Getting Individual Statistics
If you need specific statistics rather than the full summary, Pandas provides dedicated methods for each:
import pandas as pd
df = pd.DataFrame({
'product': ['Mobile', 'AC', 'Mobile', 'Sofa', 'Laptop'],
'price': [20000, 28000, 22000, 19000, 45000],
'rating': [4.2, 3.8, 4.5, 4.0, 4.7]
})
print(f"Count: {df['price'].count()}")
print(f"Mean: {df['price'].mean()}")
print(f"Median: {df['price'].median()}")
print(f"Std Dev: {df['price'].std():.2f}")
print(f"Variance: {df['price'].var():.2f}")
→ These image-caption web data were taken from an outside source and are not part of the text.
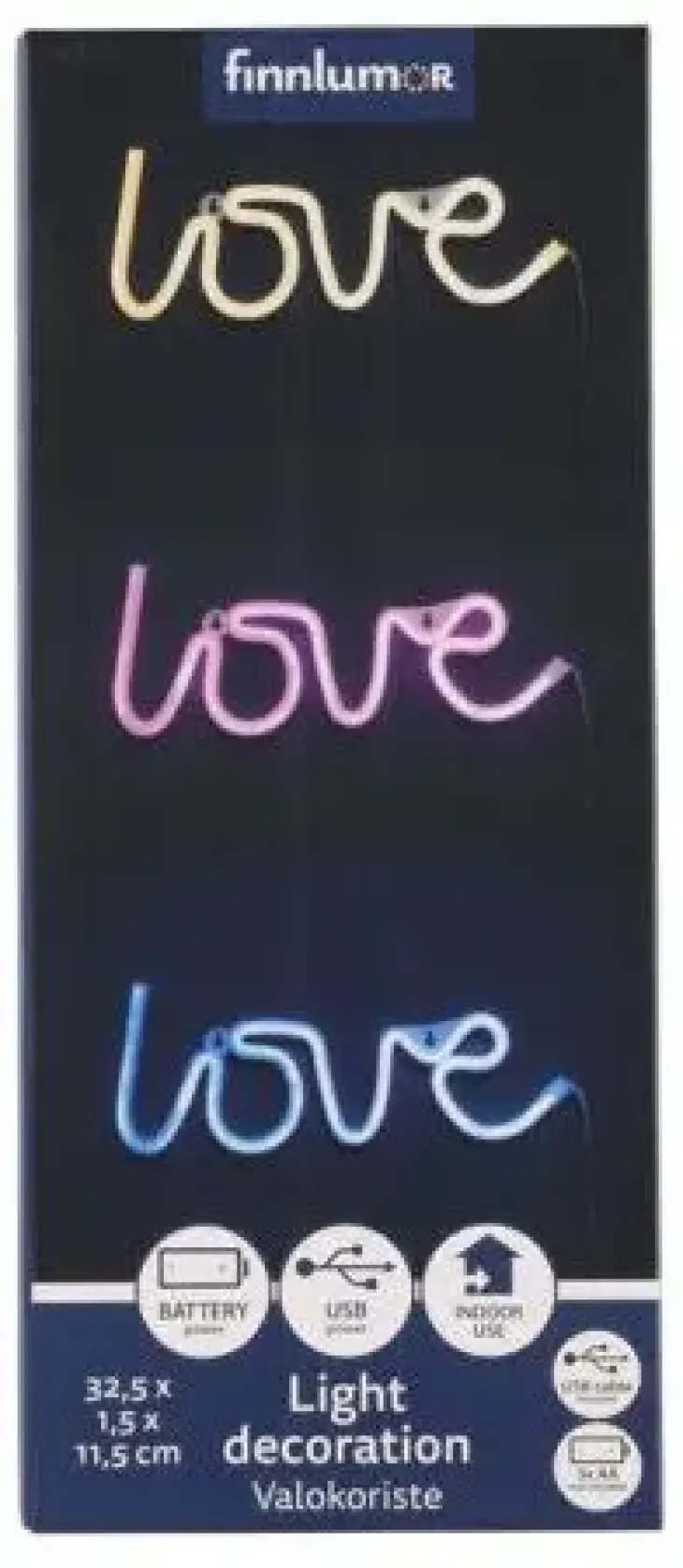 Finnlumor led teksti love sininen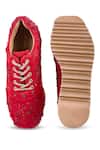 Shop_Anaar_Red Mirchi Lights Wedge Embroidered Sneakers _at_Aza_Fashions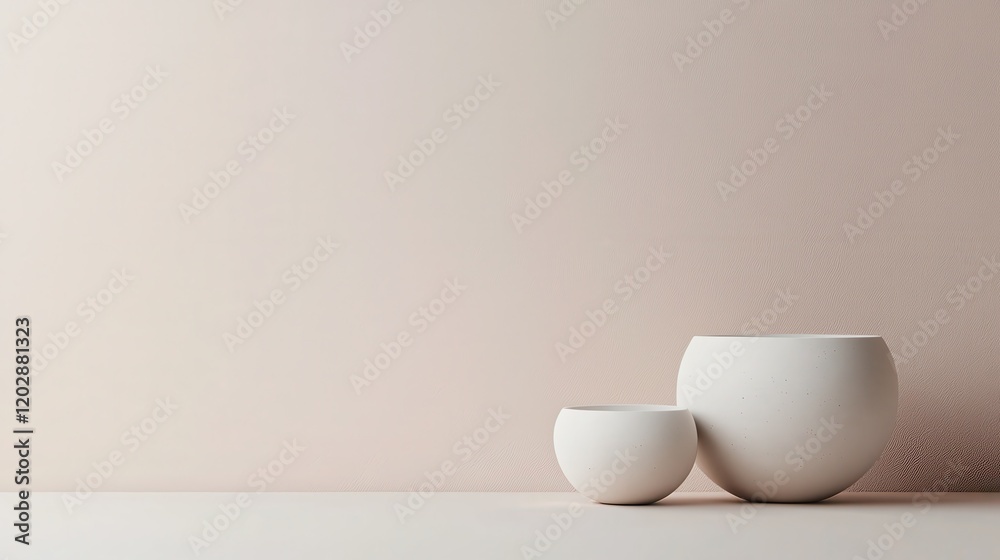Minimal style empty bowls in 3d background soft concept Minimal style empty bowls in 3d background soft concept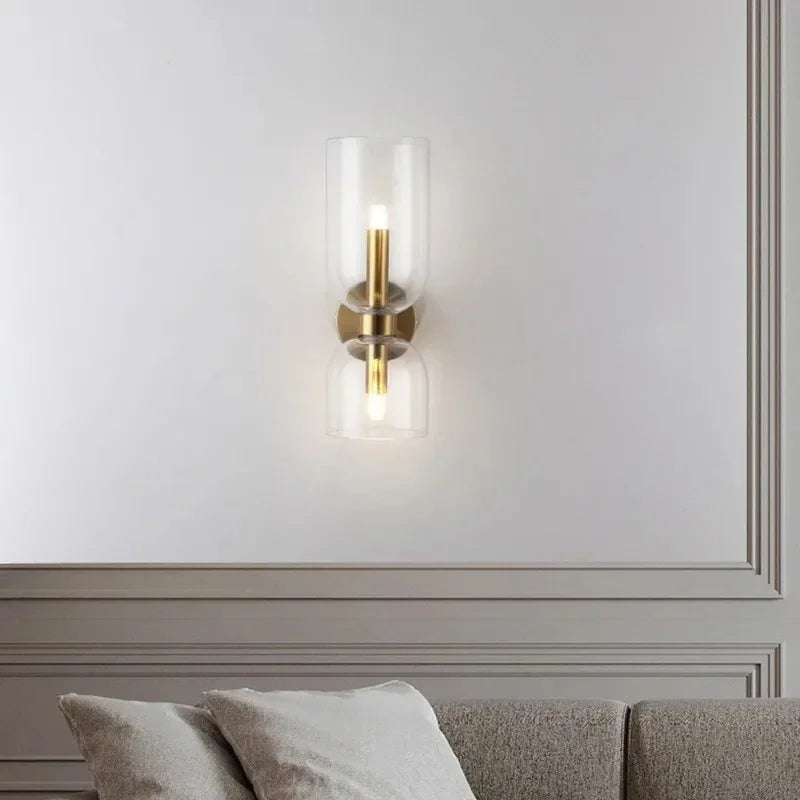 Elenorra Bello Wall Lamp Double Glass Shades, 5.5in x 13.8in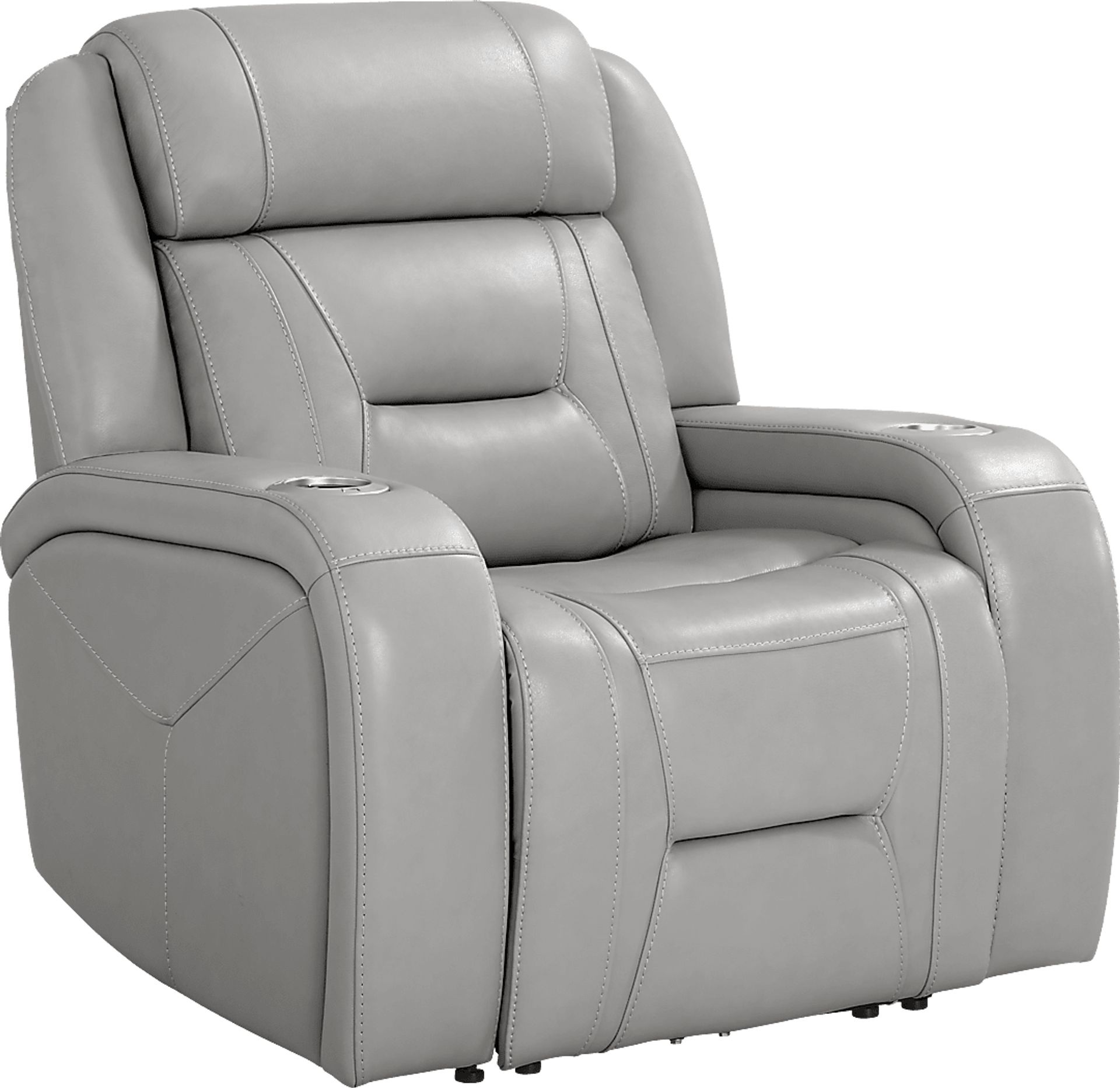 Brunswick Light Gray Leather Dual Power Recliner - Image 3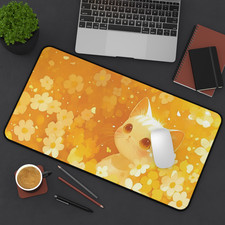 Kawaii Cat Desk Mat Large Mouse Pad Yellow Orange Anime Cozy Desk Decor picture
print(f"Min: {df['price'].min()}")
print(f"Max: {df['price'].max()}")
print(f"Sum: {df['price'].sum()}")
print(f"Mode: {df['product'].mode()[0]}")
Output:
Count: 5
Mean: 26800.0
Median: 22000.0
Std Dev: 10756.39
Variance: 115700000.00
Min: 19000
Max: 45000
Sum: 134000
Mode: Mobile
All Methods for Individual Statistics
| Statistic | Method | Works On |
|---|---|---|
| Count (non-null) | .count() | All types |
| Mean | .mean() | Numeric |
| Median | .median() | Numeric |
| Mode | .mode() | All types |
| Standard deviation | .std() | Numeric |
| Variance | .var() | Numeric |
| Minimum | .min() | Numeric, datetime |
| Maximum | .max() | Numeric, datetime |
| Sum | .sum() | Numeric |
| Skewness | .skew() | Numeric |
| Kurtosis | .kurt() | Numeric |
| Unique count | .nunique() | All types |
| Quantile | .quantile(0.75) | Numeric |
Describing Grouped Data
Combine describe() with groupby() to get statistics per group:
import pandas as pd
df = pd.DataFrame({
'category': ['Electronics', 'Electronics', 'Furniture', 'Furniture', 'Electronics'],
'product': ['Mobile', 'Laptop', 'Sofa', 'Table', 'AC'],
'price': [20000, 45000, 19000, 12000, 28000]
})
print(df.groupby('category')['price'].describe())
Output:
count mean std ... 50% 75% max
category ...
Electronics 3.0 31000.0 12767.145335 ... 28000.0 36500.0 45000.0
Furniture 2.0 15500.0 4949.747468 ... 15500.0 17250.0 19000.0
[2 rows x 8 columns]
Transposing for Better Readability
When you have many columns, transposing the output makes it easier to read:
import pandas as pd
df = pd.DataFrame({
'price': [20000, 28000, 22000, 19000, 45000],
'rating': [4.2, 3.8, 4.5, 4.0, 4.7],
'weight': [0.2, 35.0, 0.2, 40.0, 2.5],
'warranty_years': [1, 2, 1, 1, 3]
})
print(df.describe().T) # Transpose: columns become rows
Output:
count mean std ... 50% 75% max
price 5.0 26800.00 10756.393448 ... 22000.0 28000.0 45000.0
rating 5.0 4.24 0.364692 ... 4.2 4.5 4.7
weight 5.0 15.58 20.109998 ... 2.5 35.0 40.0
warranty_years 5.0 1.60 0.894427 ... 1.0 2.0 3.0
[4 rows x 8 columns]
Saving Descriptive Statistics
To a CSV File
stats = df.describe()
stats.to_csv("descriptive_stats.csv")
To a Dictionary
stats_dict = df.describe().to_dict()
print(stats_dict['price'])
Quick Reference
| Task | Code |
|---|---|
| Describe all numeric columns | df.describe() |
| Describe a single column | df['col'].describe() |
| Include all column types | df.describe(include='all') |
| Only categorical columns | df.describe(include='object') |
| Custom percentiles | df.describe(percentiles=[0.1, 0.9]) |
| Grouped statistics | df.groupby('col1')['col2'].describe() |
| Transpose for readability | df.describe().T |
| Individual stat (mean) | df['col'].mean() |
| Individual stat (median) | df['col'].median() |
Conclusion
The describe() method is the fastest way to get a comprehensive statistical summary of your DataFrame.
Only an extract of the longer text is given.